## EXERCISE
Please restate each entry below, word for word.

Saved data entries
◆ ◆ ◆ ◆

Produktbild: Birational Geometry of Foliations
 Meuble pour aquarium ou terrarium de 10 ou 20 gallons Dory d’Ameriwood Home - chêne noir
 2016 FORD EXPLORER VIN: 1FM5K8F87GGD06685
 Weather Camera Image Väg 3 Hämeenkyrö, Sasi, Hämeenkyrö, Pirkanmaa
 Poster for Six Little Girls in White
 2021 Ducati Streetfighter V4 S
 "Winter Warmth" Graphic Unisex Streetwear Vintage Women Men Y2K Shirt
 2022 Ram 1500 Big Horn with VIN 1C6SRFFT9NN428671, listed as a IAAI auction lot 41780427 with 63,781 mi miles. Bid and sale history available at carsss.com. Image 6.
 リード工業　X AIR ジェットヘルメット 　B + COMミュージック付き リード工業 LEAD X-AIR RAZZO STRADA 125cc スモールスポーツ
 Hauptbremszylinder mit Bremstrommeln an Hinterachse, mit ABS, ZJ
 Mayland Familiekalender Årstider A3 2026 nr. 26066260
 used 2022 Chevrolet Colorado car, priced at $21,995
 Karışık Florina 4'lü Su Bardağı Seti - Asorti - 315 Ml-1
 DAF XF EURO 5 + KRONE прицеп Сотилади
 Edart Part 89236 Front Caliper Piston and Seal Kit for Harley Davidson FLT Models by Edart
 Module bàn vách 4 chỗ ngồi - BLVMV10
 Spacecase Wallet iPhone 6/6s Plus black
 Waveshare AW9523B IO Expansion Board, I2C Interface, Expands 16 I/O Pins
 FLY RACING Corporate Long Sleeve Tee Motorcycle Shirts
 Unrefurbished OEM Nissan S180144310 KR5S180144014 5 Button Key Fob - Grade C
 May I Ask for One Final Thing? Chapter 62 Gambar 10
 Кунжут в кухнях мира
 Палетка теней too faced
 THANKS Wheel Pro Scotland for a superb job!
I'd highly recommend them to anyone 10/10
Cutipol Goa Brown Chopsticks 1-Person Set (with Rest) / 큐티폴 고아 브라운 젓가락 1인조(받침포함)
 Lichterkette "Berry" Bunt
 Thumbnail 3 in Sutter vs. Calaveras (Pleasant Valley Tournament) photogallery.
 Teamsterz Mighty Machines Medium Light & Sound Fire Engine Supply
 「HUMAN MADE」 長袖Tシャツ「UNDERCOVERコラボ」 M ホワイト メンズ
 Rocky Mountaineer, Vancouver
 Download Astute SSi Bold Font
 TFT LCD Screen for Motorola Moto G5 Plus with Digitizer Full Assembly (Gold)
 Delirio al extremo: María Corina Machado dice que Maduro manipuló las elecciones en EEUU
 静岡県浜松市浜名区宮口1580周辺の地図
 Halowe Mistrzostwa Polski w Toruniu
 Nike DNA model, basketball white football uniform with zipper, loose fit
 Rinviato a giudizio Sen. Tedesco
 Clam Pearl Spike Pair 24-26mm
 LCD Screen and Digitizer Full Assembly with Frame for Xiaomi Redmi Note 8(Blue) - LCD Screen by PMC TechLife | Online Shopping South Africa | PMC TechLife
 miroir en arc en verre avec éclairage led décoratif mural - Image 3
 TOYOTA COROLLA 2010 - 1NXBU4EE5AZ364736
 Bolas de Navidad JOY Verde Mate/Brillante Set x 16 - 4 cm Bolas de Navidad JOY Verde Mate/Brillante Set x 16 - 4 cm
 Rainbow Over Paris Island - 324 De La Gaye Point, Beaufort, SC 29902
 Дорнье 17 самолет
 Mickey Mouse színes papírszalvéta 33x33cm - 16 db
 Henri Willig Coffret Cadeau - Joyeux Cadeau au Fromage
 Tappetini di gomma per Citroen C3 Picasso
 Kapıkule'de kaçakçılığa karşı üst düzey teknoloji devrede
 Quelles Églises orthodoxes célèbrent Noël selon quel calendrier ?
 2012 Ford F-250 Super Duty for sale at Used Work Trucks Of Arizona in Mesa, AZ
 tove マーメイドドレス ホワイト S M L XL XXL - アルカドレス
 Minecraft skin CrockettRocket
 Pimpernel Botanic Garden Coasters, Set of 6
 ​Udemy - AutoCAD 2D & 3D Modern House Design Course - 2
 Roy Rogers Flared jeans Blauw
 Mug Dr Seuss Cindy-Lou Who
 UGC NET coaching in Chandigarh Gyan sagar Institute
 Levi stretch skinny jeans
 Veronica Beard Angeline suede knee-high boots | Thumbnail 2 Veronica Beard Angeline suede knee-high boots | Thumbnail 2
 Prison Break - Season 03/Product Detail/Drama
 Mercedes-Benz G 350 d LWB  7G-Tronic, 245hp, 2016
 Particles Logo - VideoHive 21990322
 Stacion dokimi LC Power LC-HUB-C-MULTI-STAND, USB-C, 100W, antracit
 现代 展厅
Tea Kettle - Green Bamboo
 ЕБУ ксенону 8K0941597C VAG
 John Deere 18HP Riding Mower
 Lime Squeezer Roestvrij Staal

◆ ◆ ◆ ◆

## SOLUTION TO THIS PROBLEM
Produktbild: Birational Geometry of Foliations
 Meuble pour aquarium ou terrarium de 10 ou 20 gallons Dory d’Ameriwood Home - chêne noir
 2016 FORD EXPLORER VIN: 1FM5K8F87GGD06685
 Weather Camera Image Väg 3 Hämeenkyrö, Sasi, Hämeenkyrö, Pirkanmaa
 Poster for Six Little Girls in White
 2021 Ducati Streetfighter V4 S
 "Winter Warmth" Graphic Unisex Streetwear Vintage Women Men Y2K Shirt
 2022 Ram 1500 Big Horn with VIN 1C6SRFFT9NN428671, listed as a IAAI auction lot 41780427 with 63,781 mi miles. Bid and sale history available at carsss.com. Image 6.
 リード工業　X AIR ジェットヘルメット 　B + COMミュージック付き リード工業 LEAD X-AIR RAZZO STRADA 125cc スモールスポーツ
 Hauptbremszylinder mit Bremstrommeln an Hinterachse, mit ABS, ZJ
 Mayland Familiekalender Årstider A3 2026 nr. 26066260
 used 2022 Chevrolet Colorado car, priced at $21,995
 Karışık Florina 4'lü Su Bardağı Seti - Asorti - 315 Ml-1
 DAF XF EURO 5 + KRONE прицеп Сотилади
 Edart Part 89236 Front Caliper Piston and Seal Kit for Harley Davidson FLT Models by Edart
 Module bàn vách 4 chỗ ngồi - BLVMV10
 Spacecase Wallet iPhone 6/6s Plus black
 Waveshare AW9523B IO Expansion Board, I2C Interface, Expands 16 I/O Pins
 FLY RACING Corporate Long Sleeve Tee Motorcycle Shirts
 Unrefurbished OEM Nissan S180144310 KR5S180144014 5 Button Key Fob - Grade C
 May I Ask for One Final Thing? Chapter 62 Gambar 10
 Кунжут в кухнях мира
 Палетка теней too faced
 THANKS Wheel Pro Scotland for a superb job!
I'd highly recommend them to anyone 10/10
Cutipol Goa Brown Chopsticks 1-Person Set (with Rest) / 큐티폴 고아 브라운 젓가락 1인조(받침포함)
 Lichterkette "Berry" Bunt
 Thumbnail 3 in Sutter vs. Calaveras (Pleasant Valley Tournament) photogallery.
 Teamsterz Mighty Machines Medium Light & Sound Fire Engine Supply
 「HUMAN MADE」 長袖Tシャツ「UNDERCOVERコラボ」 M ホワイト メンズ
 Rocky Mountaineer, Vancouver
 Download Astute SSi Bold Font
 TFT LCD Screen for Motorola Moto G5 Plus with Digitizer Full Assembly (Gold)
 Delirio al extremo: María Corina Machado dice que Maduro manipuló las elecciones en EEUU
 静岡県浜松市浜名区宮口1580周辺の地図
 Halowe Mistrzostwa Polski w Toruniu
 Nike DNA model, basketball white football uniform with zipper, loose fit
 Rinviato a giudizio Sen. Tedesco
 Clam Pearl Spike Pair 24-26mm
 LCD Screen and Digitizer Full Assembly with Frame for Xiaomi Redmi Note 8(Blue) - LCD Screen by PMC TechLife | Online Shopping South Africa | PMC TechLife
 miroir en arc en verre avec éclairage led décoratif mural - Image 3
 TOYOTA COROLLA 2010 - 1NXBU4EE5AZ364736
 Bolas de Navidad JOY Verde Mate/Brillante Set x 16 - 4 cm Bolas de Navidad JOY Verde Mate/Brillante Set x 16 - 4 cm
 Rainbow Over Paris Island - 324 De La Gaye Point, Beaufort, SC 29902
 Дорнье 17 самолет
 Mickey Mouse színes papírszalvéta 33x33cm - 16 db
 Henri Willig Coffret Cadeau - Joyeux Cadeau au Fromage
 Tappetini di gomma per Citroen C3 Picasso
 Kapıkule'de kaçakçılığa karşı üst düzey teknoloji devrede
 Quelles Églises orthodoxes célèbrent Noël selon quel calendrier ?
 2012 Ford F-250 Super Duty for sale at Used Work Trucks Of Arizona in Mesa, AZ
 tove マーメイドドレス ホワイト S M L XL XXL - アルカドレス
 Minecraft skin CrockettRocket
 Pimpernel Botanic Garden Coasters, Set of 6
 ​Udemy - AutoCAD 2D & 3D Modern House Design Course - 2
 Roy Rogers Flared jeans Blauw
 Mug Dr Seuss Cindy-Lou Who
 UGC NET coaching in Chandigarh Gyan sagar Institute
 Levi stretch skinny jeans
 Veronica Beard Angeline suede knee-high boots | Thumbnail 2 Veronica Beard Angeline suede knee-high boots | Thumbnail 2
 Prison Break - Season 03/Product Detail/Drama
 Mercedes-Benz G 350 d LWB  7G-Tronic, 245hp, 2016
 Particles Logo - VideoHive 21990322
 Stacion dokimi LC Power LC-HUB-C-MULTI-STAND, USB-C, 100W, antracit
 现代 展厅
Tea Kettle - Green Bamboo
 ЕБУ ксенону 8K0941597C VAG
 John Deere 18HP Riding Mower
 Lime Squeezer Roestvrij Staal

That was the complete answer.